Basta prendere in considerazione dei semplici dati relativi alla diffusione delle linee telefoniche. In Africa, per esempio, solo una famiglia su cento ha un telefono, mentre in Europa la diffusione è ormai quasi del 100%. E’ quindi evidente che una zona come l’Africa resta esclusa dalla rivoluzione della rete Internet. E’ questa la classica divisione e discriminazione tra Nord e Sud del mondo.

Armand MattelartUna classificazione che in parte oggi però non è più sufficiente a descrivere i termini della discriminazione tecnologica. Su questa forma di ‘esclusione’ ha riflettuto il massmediologo francese Armand Mattelart arrivando ad usare il termine ‘tecno-apartheid’. Secondo Mattelart questo fenomeno attraversa trasversalmente il mondo coinvolgendo aree geografiche e fasce sociali presenti in ogni regione.

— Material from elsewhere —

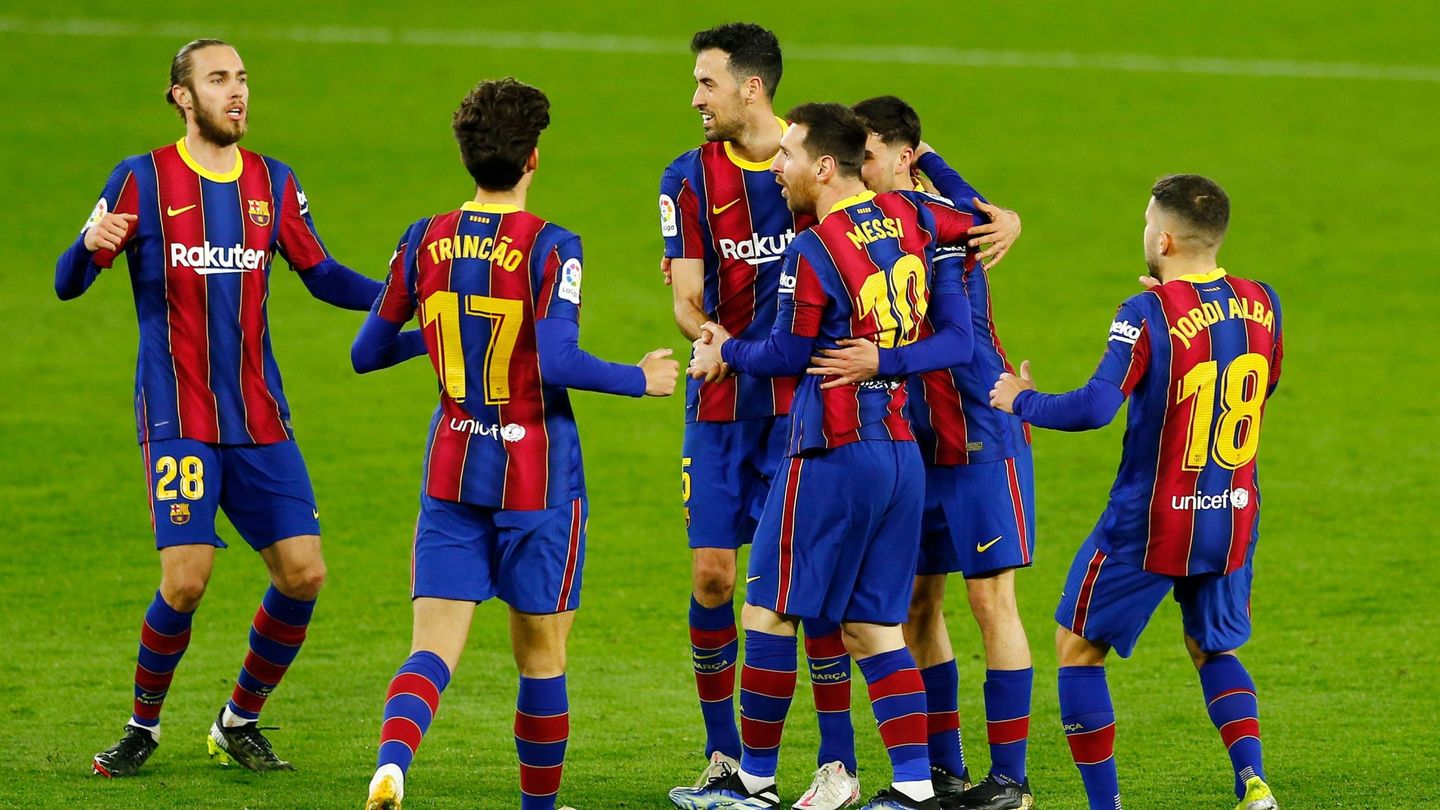 Los jugadores del Barça abrazan a Leo Messi tras firmar el 1-1. (Reuters)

"Mi sembra che i modelli di comunicazione che vengono attualmente realizzati siano modelli che favoriscono la segregazione. Questo del resto corrisponde a una nuova teoria dello sviluppo del pianeta. Prova ne è che negli ultimi quindici anni abbiamo visto comparire nozioni che in precedenza non esistevano. Ad esempio, quella della triade, formata dai Paesi europei, dall’America del Nord e dall’Asia Orientale, come polo di sviluppo del nuovo ordine mondiale. Io credo che i modelli di comunicazione propri delle nuove tecnologie dell’informazione siano contrassegnati da quello che potremmo definire un arcipelago tecnologico o, meglio, un apartheid, un tecno-apartheid. Effettivamente le tecnologie si concentrano inizialmente all’interno di nuclei, di regioni che rappresentano veri e propri nodi in cui si concentrano tecnologie e capitali, tanto nel Nord quanto nel Sud".

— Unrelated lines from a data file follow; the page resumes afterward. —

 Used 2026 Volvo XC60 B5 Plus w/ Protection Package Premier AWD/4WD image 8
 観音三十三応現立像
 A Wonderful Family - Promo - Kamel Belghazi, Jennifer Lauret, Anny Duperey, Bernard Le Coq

La posizione di Mattelart è, quindi, chiara. Il rischio attuale è quello di una sorta di techno-apartheid. E, contrariamente a quanto è accaduto in altri periodi storici, questa discriminazione non segue precisamente la tradizionale geografia Nord-Sud del mondo. Questa forma di esclusione ‘informatica’ si distingue cioè da altre forme di esclusione e discriminazione sociale che hanno accompagnato la storia dell’umanità.

"Questo è estremamente importante: si va affermando un pensiero della segregazione che, a differenza di quanto avveniva nel XIX secolo e nei decenni precedenti, rompe con la cosiddetta ideologia della lotta, il cui obiettivo era la giustizia sociale. Al giorno d’oggi è come se il contesto portasse a pensare che il modello attuale non è in grado di integrare la maggioranza. Da questo deriva anche la creazione di barriere non solo tecnologiche ma architettoniche, come accade per esempio in Brasile o in Messico, dove i centri commerciali, gli Shopping Center, sono costruiti come vere e proprie fortezze riservate a coloro che possono consumare e che davvero fanno parte di una classe globale. Perciò, come stupirsi del fatto che le tecnologie seguano questi modelli? Le tecnologie si adattano a modelli sociali che esse non hanno modo di esaminare. I modelli di impianto della tecnologia corrispondono alle logiche sociali e il grande problema di oggi per quanto concerne le tecno-utopie è che vogliono convincerci che attraverso la tecnica potremo rimediare agli squilibri sociali ed economici. Tutti i discorsi che si fanno convergono in questa direzione. Albert Gore, ad esempio, quando inaugurò le autostrade dell’informazione a Buenos Aires agli inizi del 1994, disse: "Le autostrade dell’informazione renderanno possibile l’Agorà mondiale, la conversazione universale e permetteranno di risolvere i problemi legati a ineguaglianze sociali ed economiche". A mio parere, invece, si tratta di un’utopia, di una tecno-utopia".